Thank you for your support. I'm glad to contribute to a library that helps us that much.

cowtowncoder commented 5 years ago

@marcospassos Ok so the test can be simplified to use (f.ex) embedded schema it sounds like.

cowtowncoder commented 5 years ago

Did not have time to dig into this today: it's at top of my list and (aside from adding comments which I prioritize high to try to help everyone), and should be able to at least get test added, have a look at exception tomorrow,

cowtowncoder commented 5 years ago

@marcospasson Ok yes, I can see the problem. Will see if I can easily fix this corner case.

cowtowncoder commented 5 years ago

Hmmh. So, end-of-input detection by reader notices we are out of content (which is true), but reader probably would need to synthesize START_OBJECT/END_OBJECT for special case of empty Object(s). Possibly/probably only affects root values, not nested ones.

cowtowncoder commented 5 years ago

This may be difficult thing to fix. The problem is that at root level decision needs to be made regarding whether more content is available or not, and that is determined by checking if more content is available. In this case there isn't, and usually that signals end-of-content. But since "empty" Record takes no space, in this instance expectation is that handling should sort of materialize empty structure (START_OBJECT, END_OBJECT) out of no content.

So: the idea would be to detect the case of Record with no fields being read, and if so, avoid indicating end-of-content.

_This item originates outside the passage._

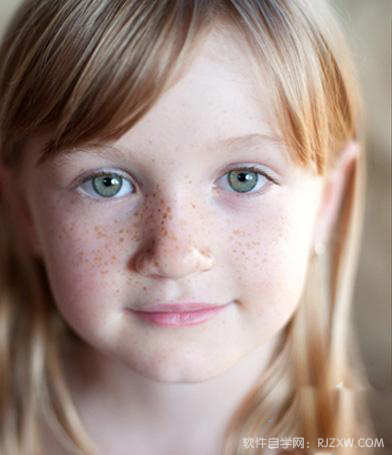 用PS修补工具消除人物脸上的斑点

With that RecordReader should be able to properly return START_OBJECT/END_OBJECT sequence as expected.

cowtowncoder commented 5 years ago

And just to test above: if I pass new byte[1], test passes: reader is able to get empty record decoded. So the trick is just to figure out how to find this special case in RootReader, either during its initialization, or, possibly, within nextToken() if possible.

marcospassos commented 5 years ago

Hmmm, got it. How about checking the schema for emptiness?

cowtowncoder commented 5 years ago

That is sort of what I ended up doing, having a look at fields found, if any. I suspect some edges might still cause problems (maybe for "constant" values), but this case works now.

Well, it does for 2.10; master has something else remaining that I need to look into (due to optimized field-name lookups).

marcospassos commented 5 years ago

Thank you!

cowtowncoder commented 5 years ago

Np -- thank you for reporting it. Let me know if you find other edge cases.